This read was a blast from the past. I'm not going to comment on much from OP and instead give a little of my experience there.
Straight out of college in 2017 I joined the Compute Fabric Controller (FC) org as a SWE on an absolutely wonderful team that dealt with mostly container management, VM and Host fault handling & repair policies, and Fabric to Host communication with most of our code in the FC. I drove our team's efforts on the never ending "Unhealthy" node workstream, the final catch-all bucket in the Host fault handler mentioned in OP. I also did heavy work in optimizing repair policies, reactive diagnostics for improved repairs and offline analysis, OS and HW telemetry ingestion from the Host like SEL events into the repair manager in real time, wrote the core repair manager state machine in the new AZ level service that we decoupled from the Fabric, drove Kernel Soft Reboot (KSR)/Tardigrade as a repair action for minimal VM impact for some host repairs, and helped stand up into eventually owning a new warm path RCA attribution service to help drive the root underlying causes of reliability issues and feed some offline analysis back into the live repair manager.
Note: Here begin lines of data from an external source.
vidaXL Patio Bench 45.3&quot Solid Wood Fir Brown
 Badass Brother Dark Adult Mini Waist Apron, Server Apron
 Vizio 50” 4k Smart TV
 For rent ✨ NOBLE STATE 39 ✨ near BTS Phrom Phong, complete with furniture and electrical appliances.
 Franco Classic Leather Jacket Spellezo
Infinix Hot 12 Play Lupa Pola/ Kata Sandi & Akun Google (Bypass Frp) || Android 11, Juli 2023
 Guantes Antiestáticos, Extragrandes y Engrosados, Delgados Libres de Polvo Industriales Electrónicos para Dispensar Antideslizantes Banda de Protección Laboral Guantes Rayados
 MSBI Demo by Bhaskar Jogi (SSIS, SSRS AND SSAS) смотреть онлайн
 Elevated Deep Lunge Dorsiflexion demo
The work was difficult but also really really interesting. For example, Balancing repair policies around reliability is tricky. There's a constant fight in repair policies in grey situations between minimizing total VM downtime vs any VM interruptions/reboots/heals at all, because the repair controller doesn't have perfect information. If telemetry is pointing to VMs being degraded or down on the host, yet in reality they're not, we are the ones inducing the VM downtime by performing an impactful repair. If we wait a little while before taking an impactful repair action, it may be a transient issue that will resolve itself in the moment, at which point we can do much less impactful repairs after like Live Migration if the host is healthy enough. On the flipside, if some telemetry is saying the VMs are up yet they're down in reality and we just don't know it yet, taking time to collect diagnostics and then take a repair action(s) leads to only more overall total downtime.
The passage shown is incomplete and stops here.